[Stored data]
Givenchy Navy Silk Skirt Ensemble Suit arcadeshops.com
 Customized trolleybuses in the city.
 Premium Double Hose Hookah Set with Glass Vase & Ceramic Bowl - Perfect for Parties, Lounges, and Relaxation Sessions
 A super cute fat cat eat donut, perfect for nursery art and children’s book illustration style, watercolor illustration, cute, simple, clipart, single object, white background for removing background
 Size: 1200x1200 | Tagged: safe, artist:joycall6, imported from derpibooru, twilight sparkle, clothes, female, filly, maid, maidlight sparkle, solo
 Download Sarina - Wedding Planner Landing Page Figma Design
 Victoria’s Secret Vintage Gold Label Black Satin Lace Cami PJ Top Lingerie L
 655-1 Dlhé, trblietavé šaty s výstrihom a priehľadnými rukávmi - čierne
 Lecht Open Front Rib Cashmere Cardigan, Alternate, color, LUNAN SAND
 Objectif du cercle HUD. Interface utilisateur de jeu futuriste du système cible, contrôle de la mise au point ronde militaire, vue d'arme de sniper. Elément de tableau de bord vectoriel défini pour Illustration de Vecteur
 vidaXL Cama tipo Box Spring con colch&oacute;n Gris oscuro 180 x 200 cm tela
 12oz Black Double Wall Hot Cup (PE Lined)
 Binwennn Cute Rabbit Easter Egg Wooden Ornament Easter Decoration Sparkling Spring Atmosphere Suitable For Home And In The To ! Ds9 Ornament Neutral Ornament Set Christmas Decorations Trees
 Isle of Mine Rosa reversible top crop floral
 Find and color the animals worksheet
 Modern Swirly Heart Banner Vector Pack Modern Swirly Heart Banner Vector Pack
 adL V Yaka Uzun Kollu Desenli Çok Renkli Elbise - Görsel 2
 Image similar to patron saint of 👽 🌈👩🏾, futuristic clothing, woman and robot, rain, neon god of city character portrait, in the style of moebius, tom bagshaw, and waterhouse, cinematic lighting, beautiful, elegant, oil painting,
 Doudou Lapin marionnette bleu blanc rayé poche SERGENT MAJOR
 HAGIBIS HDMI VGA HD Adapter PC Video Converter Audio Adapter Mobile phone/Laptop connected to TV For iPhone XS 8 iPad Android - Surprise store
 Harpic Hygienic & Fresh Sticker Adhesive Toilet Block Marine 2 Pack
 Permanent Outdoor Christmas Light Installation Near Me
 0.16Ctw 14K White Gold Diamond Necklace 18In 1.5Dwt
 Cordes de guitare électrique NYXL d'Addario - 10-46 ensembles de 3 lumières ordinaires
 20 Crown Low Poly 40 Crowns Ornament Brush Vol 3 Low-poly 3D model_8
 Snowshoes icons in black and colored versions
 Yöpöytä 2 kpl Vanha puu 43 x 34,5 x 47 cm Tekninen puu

WORK TO BE COMPLETED →
Write the complete data out, exactly as above.

RESULT →
Givenchy Navy Silk Skirt Ensemble Suit arcadeshops.com
 Customized trolleybuses in the city.
 Premium Double Hose Hookah Set with Glass Vase & Ceramic Bowl - Perfect for Parties, Lounges, and Relaxation Sessions
 A super cute fat cat eat donut, perfect for nursery art and children’s book illustration style, watercolor illustration, cute, simple, clipart, single object, white background for removing background
 Size: 1200x1200 | Tagged: safe, artist:joycall6, imported from derpibooru, twilight sparkle, clothes, female, filly, maid, maidlight sparkle, solo
 Download Sarina - Wedding Planner Landing Page Figma Design
 Victoria’s Secret Vintage Gold Label Black Satin Lace Cami PJ Top Lingerie L
 655-1 Dlhé, trblietavé šaty s výstrihom a priehľadnými rukávmi - čierne
 Lecht Open Front Rib Cashmere Cardigan, Alternate, color, LUNAN SAND
 Objectif du cercle HUD. Interface utilisateur de jeu futuriste du système cible, contrôle de la mise au point ronde militaire, vue d'arme de sniper. Elément de tableau de bord vectoriel défini pour Illustration de Vecteur
 vidaXL Cama tipo Box Spring con colch&oacute;n Gris oscuro 180 x 200 cm tela
 12oz Black Double Wall Hot Cup (PE Lined)
 Binwennn Cute Rabbit Easter Egg Wooden Ornament Easter Decoration Sparkling Spring Atmosphere Suitable For Home And In The To ! Ds9 Ornament Neutral Ornament Set Christmas Decorations Trees
 Isle of Mine Rosa reversible top crop floral
 Find and color the animals worksheet
 Modern Swirly Heart Banner Vector Pack Modern Swirly Heart Banner Vector Pack
 adL V Yaka Uzun Kollu Desenli Çok Renkli Elbise - Görsel 2
 Image similar to patron saint of 👽 🌈👩🏾, futuristic clothing, woman and robot, rain, neon god of city character portrait, in the style of moebius, tom bagshaw, and waterhouse, cinematic lighting, beautiful, elegant, oil painting,
 Doudou Lapin marionnette bleu blanc rayé poche SERGENT MAJOR
 HAGIBIS HDMI VGA HD Adapter PC Video Converter Audio Adapter Mobile phone/Laptop connected to TV For iPhone XS 8 iPad Android - Surprise store
 Harpic Hygienic & Fresh Sticker Adhesive Toilet Block Marine 2 Pack
 Permanent Outdoor Christmas Light Installation Near Me
 0.16Ctw 14K White Gold Diamond Necklace 18In 1.5Dwt
 Cordes de guitare électrique NYXL d'Addario - 10-46 ensembles de 3 lumières ordinaires
 20 Crown Low Poly 40 Crowns Ornament Brush Vol 3 Low-poly 3D model_8
 Snowshoes icons in black and colored versions
 Yöpöytä 2 kpl Vanha puu 43 x 34,5 x 47 cm Tekninen puu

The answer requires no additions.